# Cichlid tankmates with german rams?



## gutted (Mar 7, 2012)

I have a 75g (48x18) with 9 ram cichlids (4 german blue & 5 gold) and I need suggestions for possible cichlid tankmates. I was possibly thinking of a rainbow cichlid, some kind of geophagus or apistogramma agassizi or borelli. If all else fails I can always do angelfish. My tank is 82F, 7.2 PH and hard Chicago water. Ill have to recheck the water to get the exact number but its pretty hard.


----------



## irondan (Nov 22, 2007)

you could try keyhole cichlids
http://badmanstropicalfish.com/profiles/profile64.html


----------



## DeadFishFloating (Oct 9, 2007)

Most dwarf cichlids don't like hard water. Personally I'd wait and see how your Blue and Gold rams go for a couple of months before thinking about adding any other dwarves. No reason to buy more dwarves only to see them all die over time as they don't like the water.


----------



## RayQ (Sep 26, 2007)

Good call DFF. Also, the Rams will be a lot more timid than a Rainbow or most of the Geophagus, you will likely find the Rams are hiding most of the time.


----------



## BelieveInBlue (Jul 17, 2011)

9 rams in a 4 foot tank already seems like a bit much, especially once they pair off... Angels or discus might work, but I'd steer clear of bottom dwelling dwarves...


----------



## gutted (Mar 7, 2012)

irondan said:


> you could try keyhole cichlids
> http://badmanstropicalfish.com/profiles/profile64.html


Nice suggestion! Ill do some research on them.



DeadFishFloating said:


> Most dwarf cichlids don't like hard water. Personally I'd wait and see how your Blue and Gold rams go for a couple of months before thinking about adding any other dwarves. No reason to buy more dwarves only to see them all die over time as they don't like the water.


I picked up the german blues from a local breeder who keeps them in hard water and the gold ones came from a breeder in vegas who keeps them in hard water as well.



RayQ said:


> Good call DFF. Also, the Rams will be a lot more timid than a Rainbow or most of the Geophagus, you will likely find the Rams are hiding most of the time.


Ok. I guess Ill scratch those 2 off the list.



BelieveInBlue said:


> 9 rams in a 4 foot tank already seems like a bit much, especially once they pair off... Angels or discus might work, but I'd steer clear of bottom dwelling dwarves...


Right now theyre still pretty small. The 2 male german blues are maybe 1.25" and the female german blues and gold rams are .75"-1". I may move a pair or 2 to their own tank if I try my hand at breeding. And/or I may sell some of the gold rams keeping the best pair I like.

Thanks guys for all the input!

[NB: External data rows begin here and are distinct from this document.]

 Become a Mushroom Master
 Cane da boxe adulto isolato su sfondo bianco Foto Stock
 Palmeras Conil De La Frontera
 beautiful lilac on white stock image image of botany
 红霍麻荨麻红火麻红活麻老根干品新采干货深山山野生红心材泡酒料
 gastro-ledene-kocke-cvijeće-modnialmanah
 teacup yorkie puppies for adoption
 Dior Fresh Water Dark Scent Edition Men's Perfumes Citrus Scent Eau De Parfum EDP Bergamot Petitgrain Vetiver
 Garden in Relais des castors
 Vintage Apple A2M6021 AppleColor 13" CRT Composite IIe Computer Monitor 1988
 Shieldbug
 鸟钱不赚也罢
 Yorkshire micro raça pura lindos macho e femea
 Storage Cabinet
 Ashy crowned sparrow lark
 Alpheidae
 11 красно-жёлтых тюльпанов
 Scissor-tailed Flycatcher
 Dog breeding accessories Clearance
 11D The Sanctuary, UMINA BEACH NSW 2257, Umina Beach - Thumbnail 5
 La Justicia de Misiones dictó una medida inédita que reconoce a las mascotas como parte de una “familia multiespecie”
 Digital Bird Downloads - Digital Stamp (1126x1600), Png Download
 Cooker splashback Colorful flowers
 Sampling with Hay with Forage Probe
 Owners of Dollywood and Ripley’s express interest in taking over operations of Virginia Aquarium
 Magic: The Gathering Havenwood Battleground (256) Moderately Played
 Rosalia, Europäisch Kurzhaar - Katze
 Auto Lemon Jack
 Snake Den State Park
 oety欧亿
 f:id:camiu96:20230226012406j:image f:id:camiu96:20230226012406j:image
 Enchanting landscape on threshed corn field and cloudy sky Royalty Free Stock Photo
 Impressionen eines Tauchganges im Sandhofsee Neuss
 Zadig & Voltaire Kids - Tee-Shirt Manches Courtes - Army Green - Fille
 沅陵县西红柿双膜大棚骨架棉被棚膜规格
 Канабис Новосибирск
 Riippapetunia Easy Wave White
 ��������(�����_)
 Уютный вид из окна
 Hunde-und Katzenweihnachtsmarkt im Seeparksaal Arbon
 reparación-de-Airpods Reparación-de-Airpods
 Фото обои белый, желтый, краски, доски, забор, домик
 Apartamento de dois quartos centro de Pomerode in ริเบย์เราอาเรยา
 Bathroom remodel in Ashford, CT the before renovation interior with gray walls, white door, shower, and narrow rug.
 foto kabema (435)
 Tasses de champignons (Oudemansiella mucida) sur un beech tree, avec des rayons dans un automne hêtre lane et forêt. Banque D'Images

Keep them coming!


----------



## neutrino (May 4, 2007)

I've had them with angels, discus, curviceps, rainbowfish (not rainbow cichlids), one or two festivum, a variety of tetras, farowella... and those are just what I can recall, I'm sure there were others. Never kept as many as 9 in a tank, though, so can't comment on that... also kept them with apistos, but it was more like 2 or 3 rams plus 2 or 3 apistos-- and lots of plants (this was in a 75).


----------



## gutted (Mar 7, 2012)

neutrino said:


> I've had them with angels, discus, curviceps, rainbowfish (not rainbow cichlids), one or two festivum, a variety of tetras, farowella... and those are just what I can recall, I'm sure there were others. Never kept as many as 9 in a tank, though, so can't comment on that... also kept them with apistos, but it was more like 2 or 3 rams plus 2 or 3 apistos-- and lots of plants (this was in a 75).


i'm starting to like how the curviceps. what kind of apisto did you have?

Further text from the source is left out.